While city simulation games like CityVille and Social City do address how important businesses are to city life, they skimp out on the nitty gritty details. The micro manager in all of us-well, some of us-wants to worry about shipments, goods production, sales and even resource management. This is where Game Insight comes in with Big Business, a city-building Facebook game that gets down and dirty with what's really makes a city work.
Continue reading to find out how Big Business fairs among the nuances of running a city.
The first thing you'll notice about Big Business is that it runs without a hitch. Nearly every action is fully animated amongst bustling citizens and buildings constantly abuzz with activity. And because of how smooth the game runs, Game Insight made a point at every turn to show it off.

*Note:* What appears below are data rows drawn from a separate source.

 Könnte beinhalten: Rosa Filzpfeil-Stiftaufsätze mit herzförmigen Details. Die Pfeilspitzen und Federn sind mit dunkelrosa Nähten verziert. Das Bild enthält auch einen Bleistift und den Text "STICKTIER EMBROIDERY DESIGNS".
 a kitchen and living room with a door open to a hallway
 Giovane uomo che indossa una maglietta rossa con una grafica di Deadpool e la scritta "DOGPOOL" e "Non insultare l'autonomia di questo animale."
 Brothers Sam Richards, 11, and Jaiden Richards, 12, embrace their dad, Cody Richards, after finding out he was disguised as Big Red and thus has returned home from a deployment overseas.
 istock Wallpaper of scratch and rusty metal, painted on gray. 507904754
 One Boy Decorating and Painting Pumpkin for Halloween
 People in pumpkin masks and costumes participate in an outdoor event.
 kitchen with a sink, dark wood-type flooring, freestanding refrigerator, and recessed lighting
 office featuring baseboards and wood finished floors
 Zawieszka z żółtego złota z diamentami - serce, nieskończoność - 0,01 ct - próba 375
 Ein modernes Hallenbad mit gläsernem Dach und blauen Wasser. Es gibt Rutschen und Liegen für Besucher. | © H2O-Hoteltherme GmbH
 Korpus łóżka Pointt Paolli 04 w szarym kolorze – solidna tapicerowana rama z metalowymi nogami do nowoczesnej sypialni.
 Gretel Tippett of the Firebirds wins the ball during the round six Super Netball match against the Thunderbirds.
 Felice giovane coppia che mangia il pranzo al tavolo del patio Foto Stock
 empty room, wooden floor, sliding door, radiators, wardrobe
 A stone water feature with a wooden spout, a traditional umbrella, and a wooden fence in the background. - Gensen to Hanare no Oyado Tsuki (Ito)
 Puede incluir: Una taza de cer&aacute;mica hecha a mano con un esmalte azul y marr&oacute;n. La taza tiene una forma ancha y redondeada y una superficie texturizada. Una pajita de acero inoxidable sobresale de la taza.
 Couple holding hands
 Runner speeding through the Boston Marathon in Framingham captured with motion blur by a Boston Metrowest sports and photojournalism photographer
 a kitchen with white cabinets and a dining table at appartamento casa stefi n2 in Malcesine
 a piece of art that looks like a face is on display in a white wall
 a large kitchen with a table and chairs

This becomes obvious when nearly every action in the game is fully animated, which is a double-edged sword of sorts.
While it's certainly a sight to literally see your town at work, the fact that everything is animated means that almost no action is instant. Because of this, expect to spend more time in Big Business doing routine tasks than in other social games. However, this relaxed gameplay style goes a bit too far by bleeding through everything else in the game. For instance, the game's tutorial tasks you with building a power plant to fuel your city's homes and businesses, which is done instantly. This is far from the reality of the rest of the game where most other buildings will take hours to construct. And while you can speed up the process through coins and City Credits-the game's paid currency-I'd personally rather spend premium currency on cool items than faster, generic ones.
One thing Big Business does exceptionally well is its business ecosystem. If that sounds a bit confusing, what I mean is that every type of building works with the others and if one falls behind, the others lose as well. This makes for an interesting balance between maintaining your city's population through Houses while producing and either selling goods to Supermarkets or transporting to other production facilities for use in more complex goods. Though, all of which cannot be done without Garages and the transport vehicles to support them.